Gute Ernte: Rainer Bauer kippt einen Eimer voll Spätburgunder-Trauben in den Transportzuber. In der Neuffener Kelter saugt er di
Gute Ernte: Rainer Bauer kippt einen Eimer voll Spätburgunder-Trauben in den Transportzuber. In der Neuffener Kelter saugt er die Früchte ein. Christine Anhut entnimmt Maischeproben.Fotos: Carsten Riedl

Um die Mittagszeit sind die Reben abgeerntet und die grünen Zuber voll. Am Himmel brauen sich die ersten Wolken zusammen. Zeit für die fünf Wengerter, die an der Limburg Spätburgunder anbauen, sich zu einer Autokolonne zu formieren und Richtung Neuffener Kelter zu fahren.

Dort wartet Christine Anhut, Geschäftsführerin der Weingärtnergenossenschaft Hohenneuffen-Teck. Sie überwacht die Anlieferung der Trauben, notiert bei jedem Weinbauern die Menge und misst das Mostgewicht der Maische. „Dieses Jahr gibt es eine Menge schöne Trauben - mit vielen Oechsle“, lobt sie.

Es dauert nur kurz, dann sind die Weilheimer an der Reihe. Rainer Bauer rangiert sein Fahrzeuggespann unter das Vordach der Kelter und steigt auf den Anhänger. Über ihm baumelt ein Gerät, das wie ein riesiges Staubsauger-Rohr aussieht. Der Weilheimer Hobby-Wengerter greift zu, taucht das Metallrohr in den Bottich und beginnt, die Früchte mit rhythmischen Bewegungen einzusaugen. Christine Anhut schaut aus dem Inneren der Kelter zu. Dorthin werden die Trauben durch das Rohr befördert. „Als erstes werden sie von den Stielen befreit, dann landen sie in der Waage“, sagt die Geschäftsführerin der Weingärtnergenossenschaft und deutet auf ein siloartiges Metallgefäß.

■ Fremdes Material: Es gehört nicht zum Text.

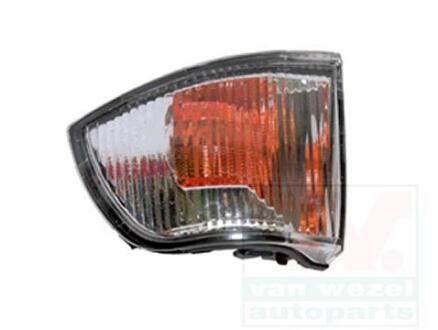 Повторювач повороту правий IVECO VAN WEZEL 2815916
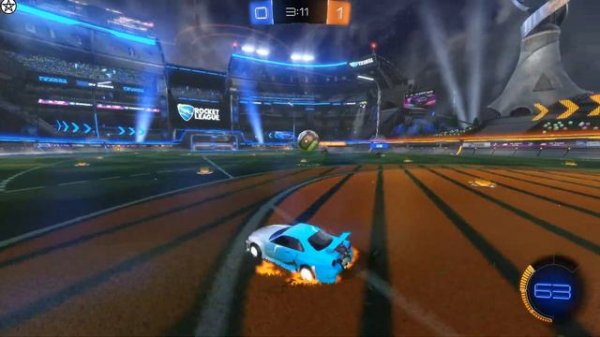Rocket league moments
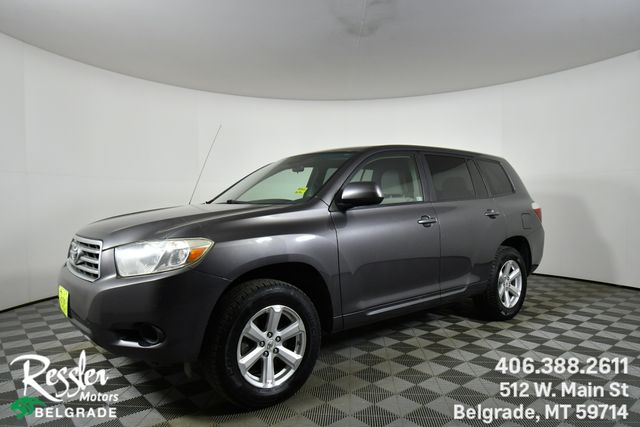 2008 Toyota Highlander Base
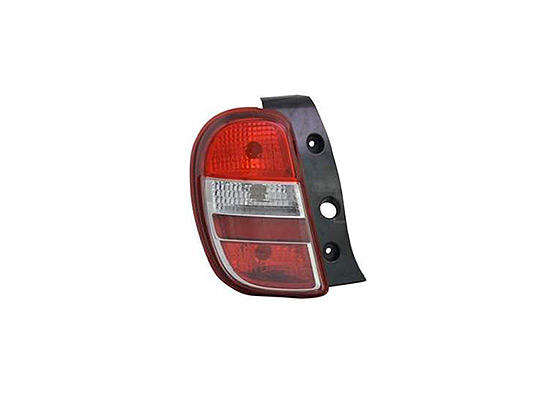 Fanale Posteriore Sinistro senza Porta Lampada nissan micra 2010 - 2013
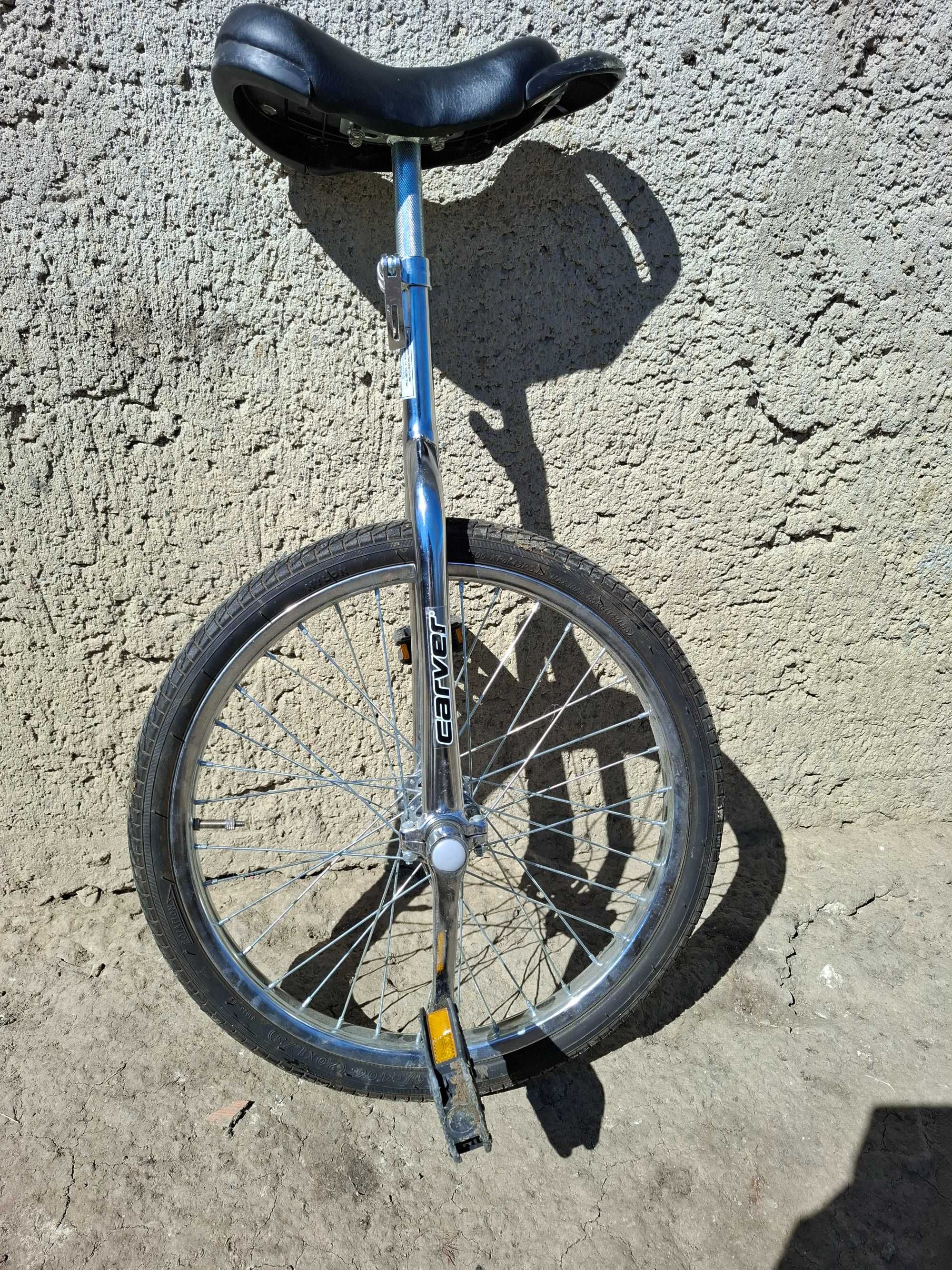 Vind monociclu pe o roată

Immer wieder wirft Christine Anhut einen Blick auf das Display. „Das Maximum sind 1500 Kilo“, sagt sie. Ganz so weit geht die Anzeige bei Rainer Bauers Fuhre nicht nach oben. Nach 1309 Kilogramm ist Schluss. „Das ist die gleiche Menge, die ich auch im letzten Jahr hatte“, stellt der Weinbauer fest.

Kaum ist der Wiegevorgang abgeschlossen, geht die Siloöffnung auf. Schwallartig strömt die schwarzblaue Beerenmasse heraus und sammelt sich in den großen Metallbehälter darunter. Von dort aus wird die Maische in Tanks gepumpt. Die Weilheimer bekommen einen eigenen. Ausgebaut wird der Wein übrigens bei der Weingärtner-Zentralgenossenschaft in Möglingen. Die roten Trauben werden als Maische dorthin geliefert, die weißen werden zuvor in Neuffen zu Saft gepresst.

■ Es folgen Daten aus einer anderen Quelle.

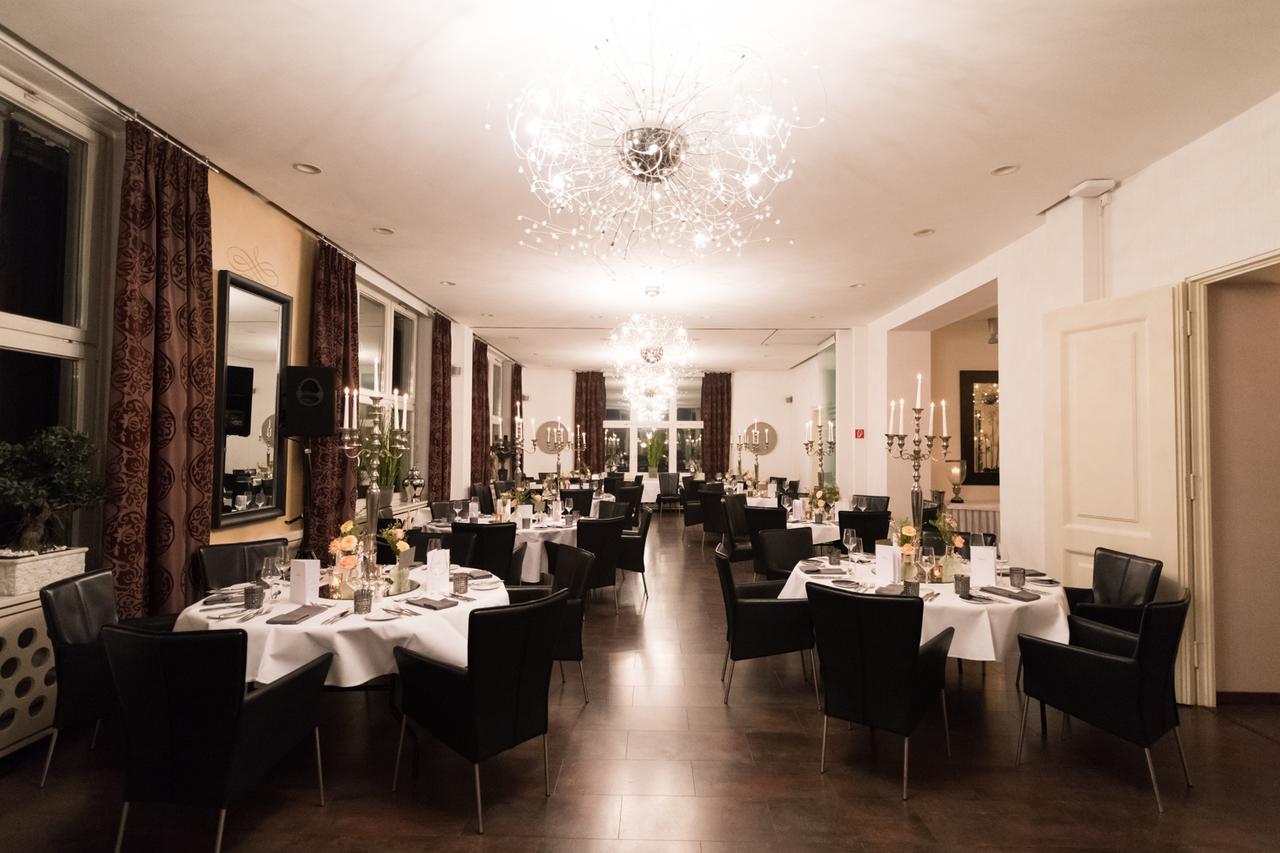 Parkhotel Herne Eksteriør billede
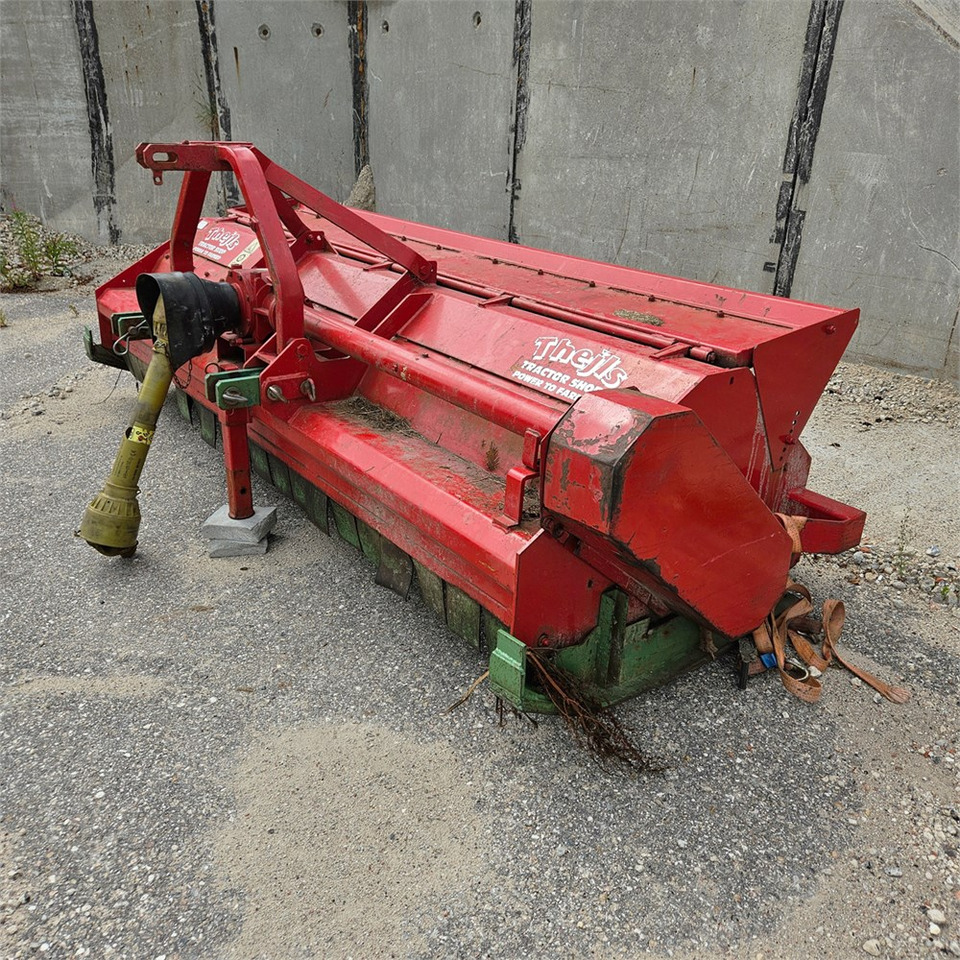 Garden mower Kverneland FXJ/300: picture 10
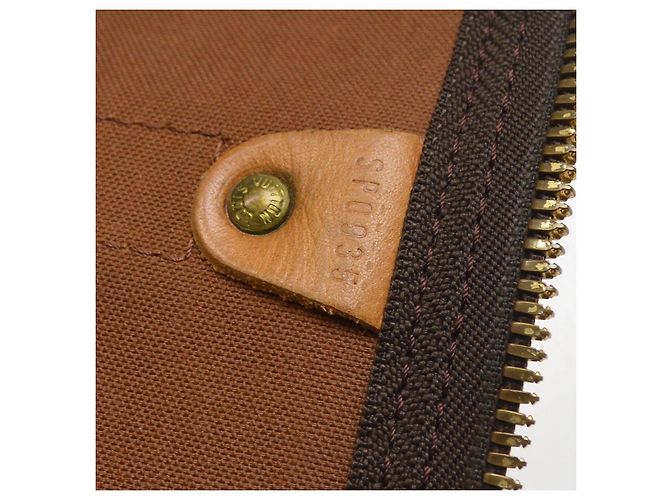 Louis Vuitton Keepall Monogram Canvas 45 - vue 5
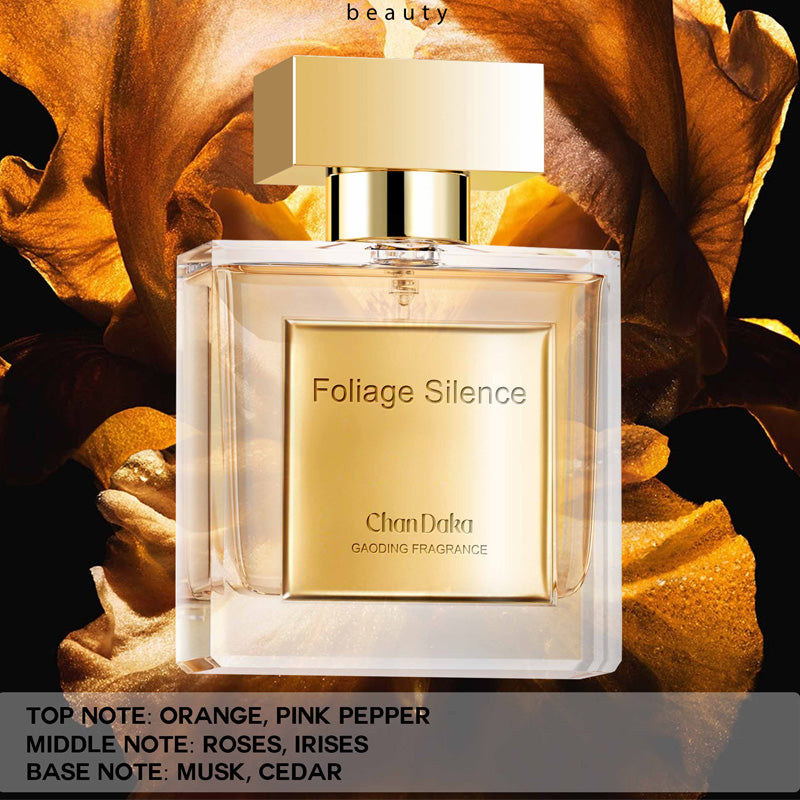 Foliage Silence Women's Eau De Parfum 50ml - Fruity Floral Haute Couture Fragrance by Josla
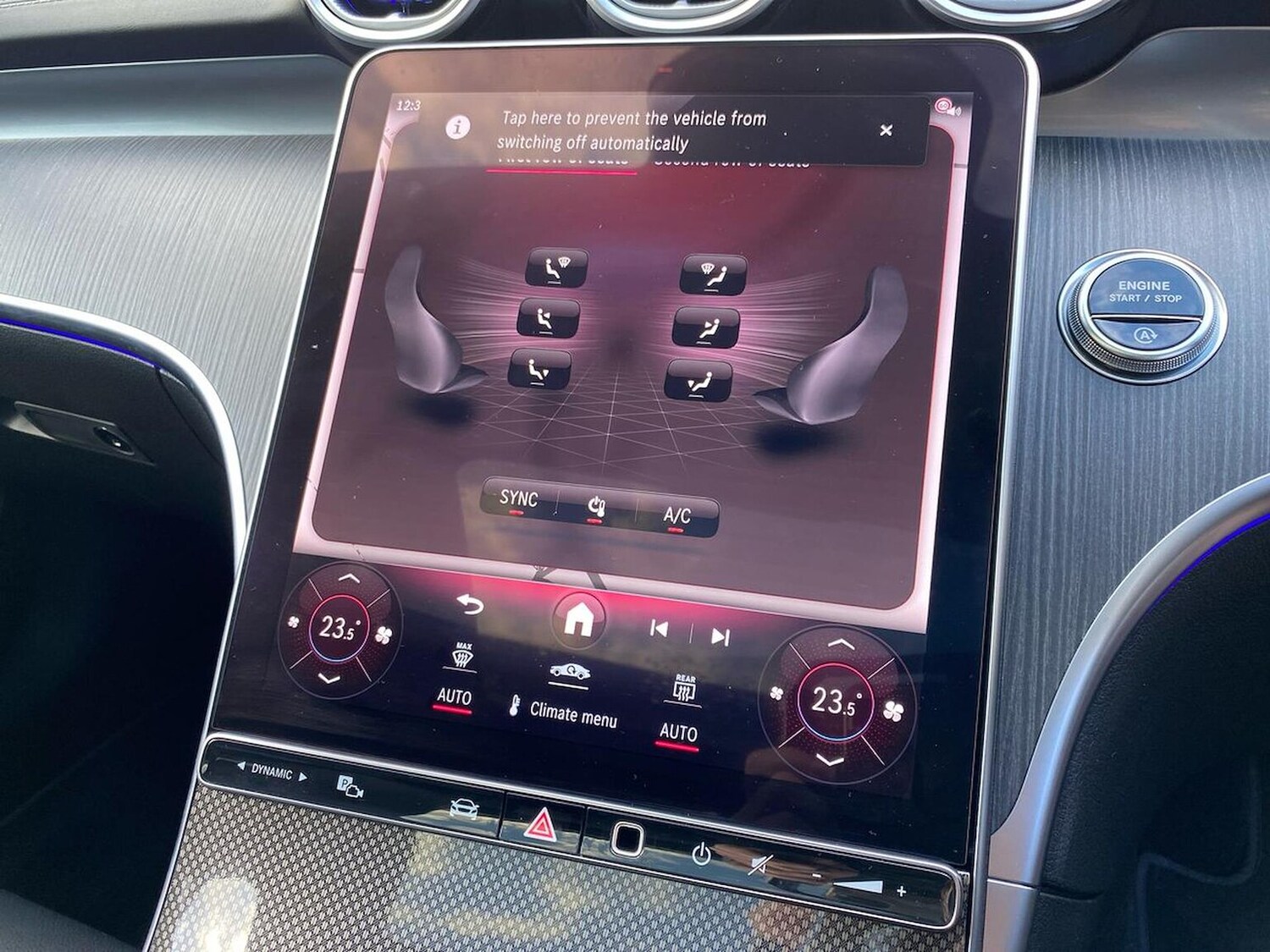 Used Mercedes-Benz C Class 2024 for sale - 77488272: Photo 12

Dann wird es spannend: Christine Anhut entnimmt eine kleine Probe der Maische und tropft sie aufs Refraktometer. Damit bestimmt sie das Mostgewicht, also den Zuckergehalt des Safts, der in Oechslegraden gemessen wird. „102“, notiert die Geschäftsführerin der Genossenschaft auf dem Zettel - ein Spitzenwert. Für Rainer Bauer ist das ein Moment großen Stolzes: „So viele Oechsle habe ich noch nie erreicht“, sagt er und strahlt. „Das ist ein schöner Lohn für ein Jahr Arbeit.“

Ähnlich gut ergeht es den anderen vier Limburg-Wengertern. Auch sie erzielen fast alle über 100 Oechsle­. Für Werner Kauderer, den Vorsitzenden der Weilheimer Weinbergbesitzer, steht fest: „Der Bertoldwein 2018 wird eine Spätlese“. Diese Bezeichnung wird auch auf dem Etikett stehen. Sie zeugt nicht nur von der besonderen Qualität der Trauben. „Es darf dann auch kein Zucker zugesetzt werden“, so Kauderer.

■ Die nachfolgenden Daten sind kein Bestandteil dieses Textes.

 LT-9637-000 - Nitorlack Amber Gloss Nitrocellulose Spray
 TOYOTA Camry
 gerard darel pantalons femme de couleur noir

Dass die Oechslegrade solche Dimensionen erreichen, liegt an den hervorragende Bedingungen in diesem Jahr, aber auch an der Art, wie die Reben erzogen und gepflegt werden. „Qualität statt Quantität“ heißt die Devise der Genossenschaft. „Wir dürfen höchstens 120 Kilogramm Ertrag pro Ar abliefern“, so Rainer Bauer. Im Laufe des Reifungsprozesses dezimieren die Wengerter immer wieder die Traubenmenge, um die Qualität der verbleibenden Früchte zu erhöhen.

Für die Weingärtner kehrt nun erst einmal Ruhe ein - allerdings nicht für lange. „Nach der Weinlese ist vor der Weinlese“, formuliert es Rainer Bauer. Sobald das Laub gefallen ist, beginnt wieder ein neues Jahr im Weinberg.